Intervista di Anna Magli a
Marco Martalar, l’artista dei boschi.

Marco Martalar ama la natura, i boschi e gli alberi che le sue opere d’arte, che sono esposte anche in musei prestigiosi come il Mart di Trento, sono strumento di rinascita per la materia che utilizza: non più tronchi, rami o fronte ma figure possenti che dominano il paesaggio. La sua opera più importante, o almeno la più conosciuta è il “Drago di Vaia”, un’imponente scultura alta sei metri che si trova a Lavarone, sull’Alpe Cimbra. Marco Martalar non è solo “l’autore del Drago”. Le sue opere, principalmente in legno, sono tante e anche diverse tra loro ma tutte hanno un tratto in comune: il rispetto per la materia. Nel lavoro di Martalar si percepisce un rapporto diretto con il legno, basato sull’attenzione e nato da un sincero amore per la natura. Dal suo amore per l’arte, invece, in modo particolare per la scultura, nasce la fonte di ispirazione per opere che sono uniche e irripetibili.

Marco, le piace la definizione “uomo dei boschi” o preferisce artista?

Uomo dei boschi non mi dispiace ma  forse preferisco artista dei boschi o artista della natura.

 

Qual è stato il suo primo approccio con l’arte? Avrebbe mai pensato di farne una professione?

L’arte è da sempre parte della mia vita fin da piccolo, la scultura in particolare  e ho sempre cercato di farla diventare la mia fonte di vita, la mia professione perché è quello che volevo fare.

 

Le sue figure sono sempre  molto grandi, quasi incombenti. Come se volessero lanciare un messaggio che affermi la superiorità della natura. Possiamo dire che il suo Drago di Vaia,  quasi una fenice che rinasce dalle sue stesse ceneri, è messaggero di un messaggio che la natura vuole lanciare all’uomo?

Sì creare opere grandi che si impongono e che in qualche modo cercano di far capire chi comanda e che si  deve avere rispetto della natura è lo scopo. Poi sì, come la fenice la natura rinasce sempre.

 

Quali emozioni hanno accompagnato la realizzazione del Drago? Quel materiale residuo del bosco distrutto dalla tempesta l’ha ispirata nel costruire un’opera così maestosa?

Le emozioni riguardano spesso la sfida, la fatica di creare un opera totalmente con le mie mani passo dopo passo cercando di risolvere i problemi un poco per volta e alla fine poter dire:  “ok è fatta!”

 

Se volessimo circoscrivere una sua cifra artistica, lei come si definirebbe?

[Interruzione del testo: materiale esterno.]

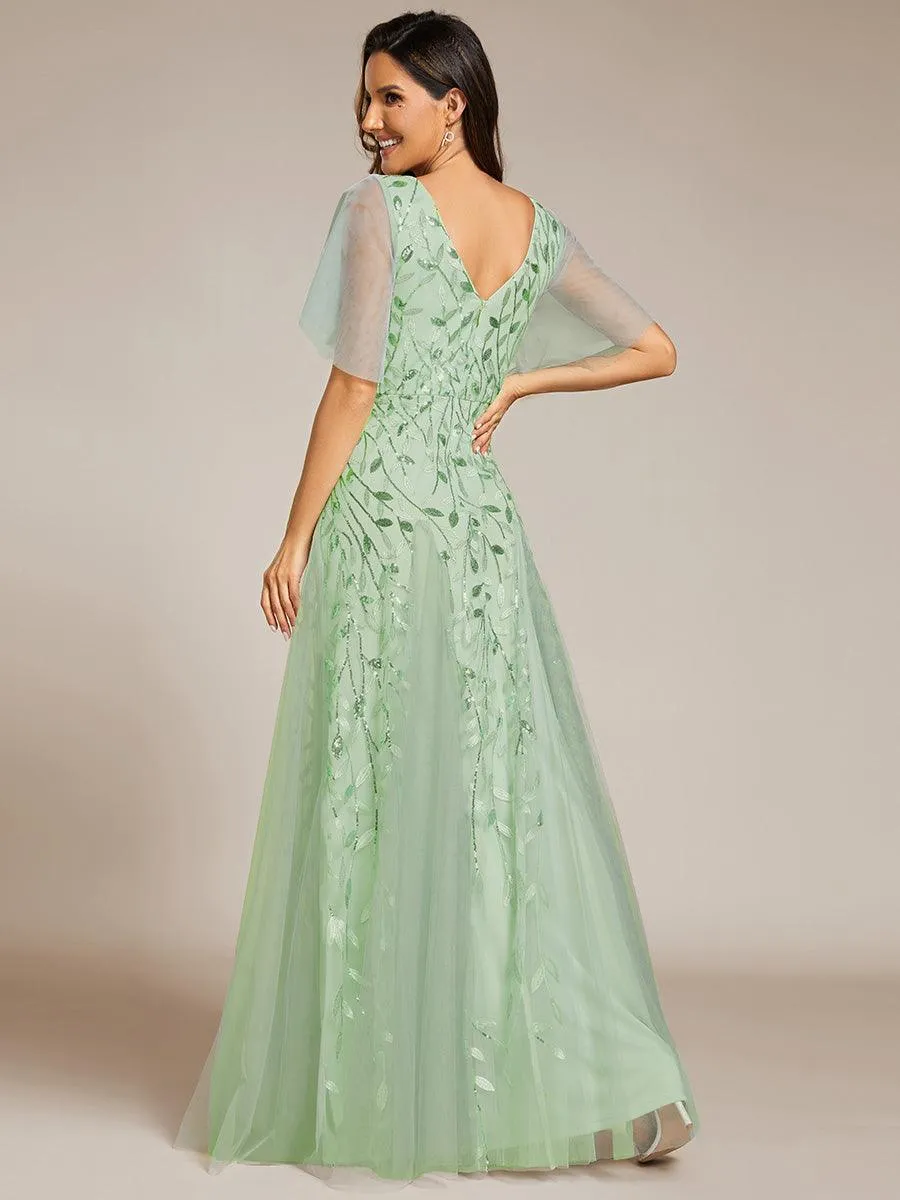 Taille personnalisée Grande Taille Robe de Soirée Romantique Scintillante à col en V et Manches à Volants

Un vero modello di riferimento non ce l’ ho. Traggo vari spunti che trovo in immagini sul web, immagini  che spesso non riguardano il legno, poi metto insieme le idee e cerco di trovare il mio percorso.

 

Lei lavora anche su commissione per privati e istituzioni.  Quanto influisce  la sensibilità ambientale e il legame quasi viscerale tra lei, la foresta e gli alberi sulle sue scelte creative? Può un materiale,  come è accaduto ad altri artisti, suggerire quale è la forma artistica a cui si “sente”  destinato?  

La foresta, i boschi, la natura sono la mia principale fonte di ispirazione:  tutto quel materiale di scarto che nessuno considera e anzi a volte risulta “brutto”, quei boschi distrutti e devastati per me sono bellezza, sono una forma d’arte, magari violenta, ma comunque un’espressione artistica che viene dalla natura.